Here are all our pro tips on traveling with toddlers to Europe, including toddler travel beds, packing lists, plane activities, and more! Affiliate links are included below.
When Alex and I decided to take our toddler son Larson on vacation to Europe, some people thought we were crazy! Heck, we felt like we were crazy. But with the guidance of friends who had traveled to Europe with toddlers, we were assured that yes, we could actually do it. As a friend of ours always says, traveling with toddlers is an adventure, not a vacation!
A few days in and it actually did start to feel like a vacation!
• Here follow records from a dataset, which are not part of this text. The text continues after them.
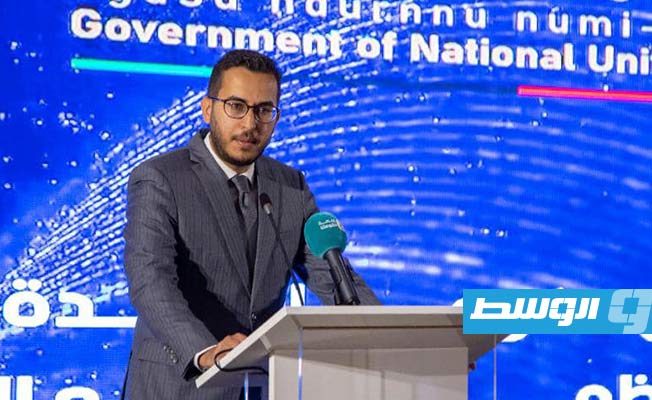 حكومة الوحدة الوطنية تطلق حلقة نقاش حول لائحة عمل مؤسسات المجتمع المدني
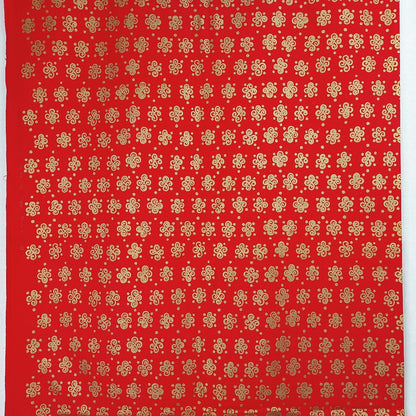 Metsovaara design Kastilia kangas 148x244 cm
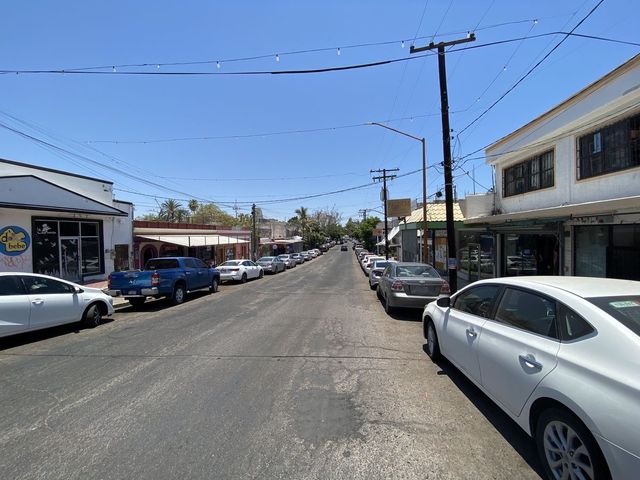 place photo 20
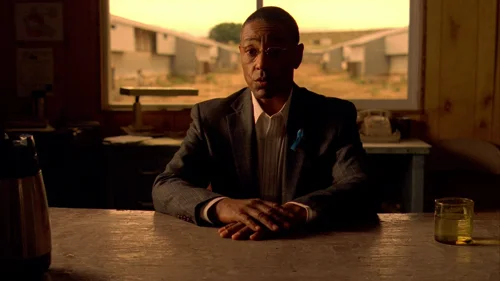 Still frame 39 from Breaking Bad Season 3 Episode 3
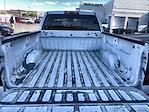 2014 Chevrolet Silverado 1500 Crew Cab RWD Pickup for sale #1206436A - photo 22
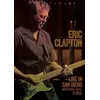 Image de Eric Clapton - Live In San Diego With Special Guest Jj Cale en occasion ou reconditionné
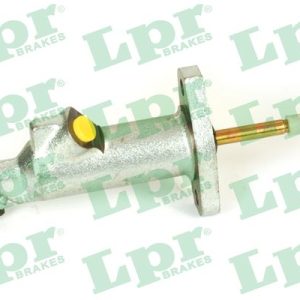 Cilindru receptor ambreiaj LPR 3226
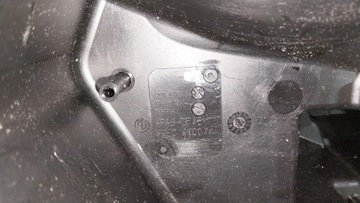 фото thumb №7, Корпус компьютера 8509914 bmw f20 f21 f30 f31 f34 f36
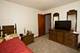 13120 S Exchage, Chicago, IL 60633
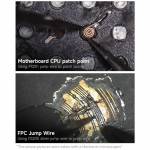 mechanic fj-fx-fs-series-flying-wire-for-motherboard-pcb-repair-9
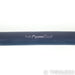 Audience Forte F3 powerChord Power Cable; 1.75m AC Cord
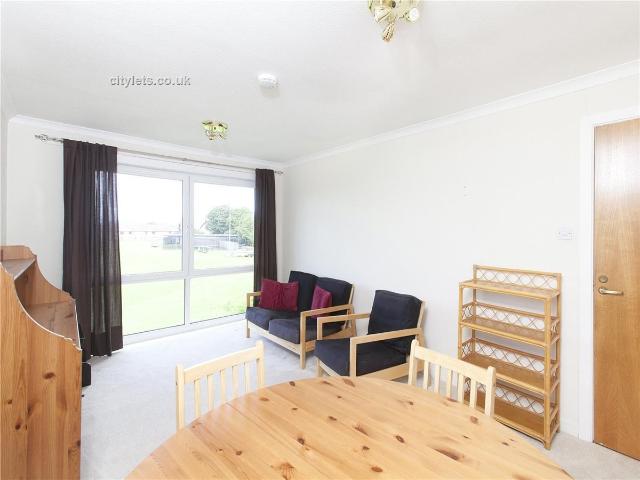 Property to rent in Morningside, EH10, Myreside Court properties 587974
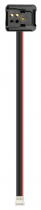 Ikelite griffe porte-accessoire Manuelle pour Sony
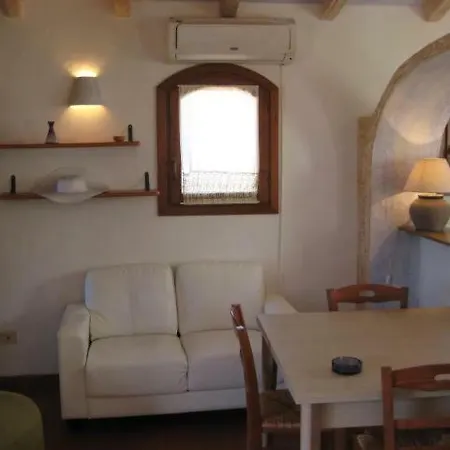Casa vacanze Pevero Hill Porto Cervo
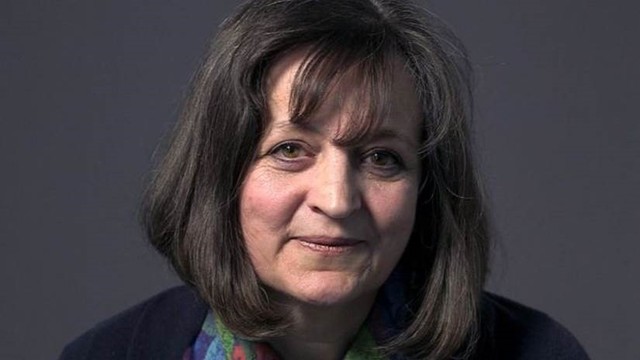 Leia mais sobre o artigo Médica explica o que ocorre ao corpo no fim da vida: ‘Morrer não é tão ruim quanto se pensa’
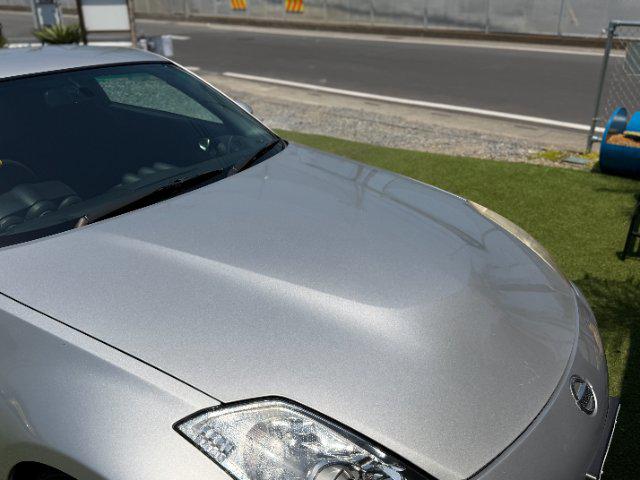 dc28e236b0c6242883e272ed74252e4e.jpg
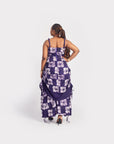 The Muse Dress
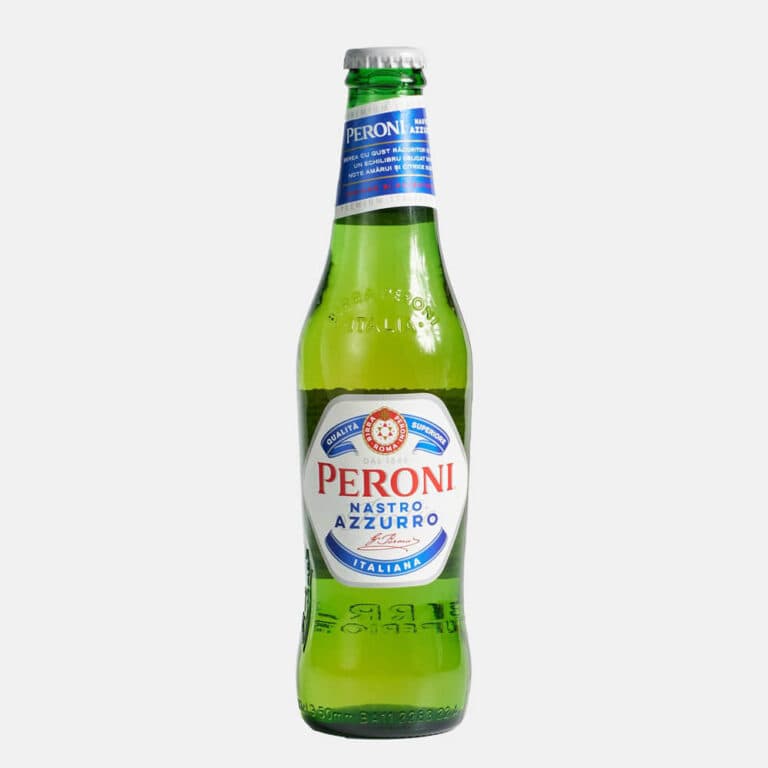 PERONI 330ML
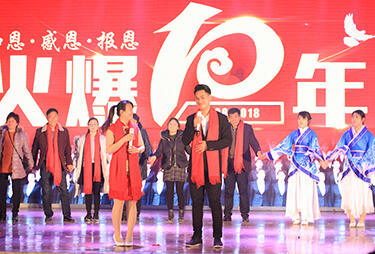 ����衶���ؼҿ�����������ĸͬ�_����ܰ��ů�ѣ���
Incredible food, clear blue Mediterranean waters, and ancient ruins combined to make the most memorable adventure. Since we’ve returned, we’ve had many people ask, what are your tips for traveling with toddlers? Good news: we’ve got you covered! Here are all our secrets for the best toddler travel bed, plane activities, and more! For our full toddler packing list, skip to the very end.
Our toddler travel bed fit right into half of this suitcase!
Did you use a toddler travel bed?
Yes, we did use a toddler travel bed! In fact, bringing a travel crib for a toddler is one of our top tips for traveling with toddlers! Since Larson was 17 months for our trip, we still did not feel comfortable with him sleeping on a cot or bed. Most of the places we stayed, all of them Airbnbs, were not equipped for toddler sleeping situations.
But even more importantly, sleeping in the same toddler travel bed every night was crucial to Larson adapting to the travel. We stayed in many different cities, but each night at the end of the night Larson had the same bed! So by the third night of our three weeks, he was totally adjusted to that travel crib.
What toddler travel bed did we use? This Baby Bjorn Travel Crib Light. We actually bought ours used on Craigslist, which was a steal! We cannot recommend this crib enough: it’s super light, easy to assemble, and fits into half of a large suitcase. The luggage we used was this Samsonite Winfield 2 Hardside 28″ Luggage. It fit right into one side of the suitcase, which left the other half for Larson’s and our clothes and other items.
The only other luggage we brought was this Samsonite Winfield 2 Hardside 24″ Luggage and it fit everything we needed for 3 weeks! I could even assemble the Baby Bjorn travel crib all by myself, which is saying something (I’m terrible even at putting together Pack N Plays!).
Larson’s car seat, complete with travel bag
What about a toddler car seat for travel?
Good question! We used Larson’s normal car seat, which is lightweight. The toddler car seat we have is the Evenflo Tribute LX. How it works when flying: you’re not charged extra for having a car seat with you. Make sure to buy a travel bag for the car seat; here’s our carseat bag. When you get to the gate, the flight attendant will provide separate checking tags for the car seat in the bag.
Many times you’ll be able to bring it up to the gate and then they’ll check it there. In some countries, the airport had a special place for “bulky luggage” where we had to take it (the flight attendant will instruct you). In both cases, we typically picked up the car seat with our luggage on the luggage carousel.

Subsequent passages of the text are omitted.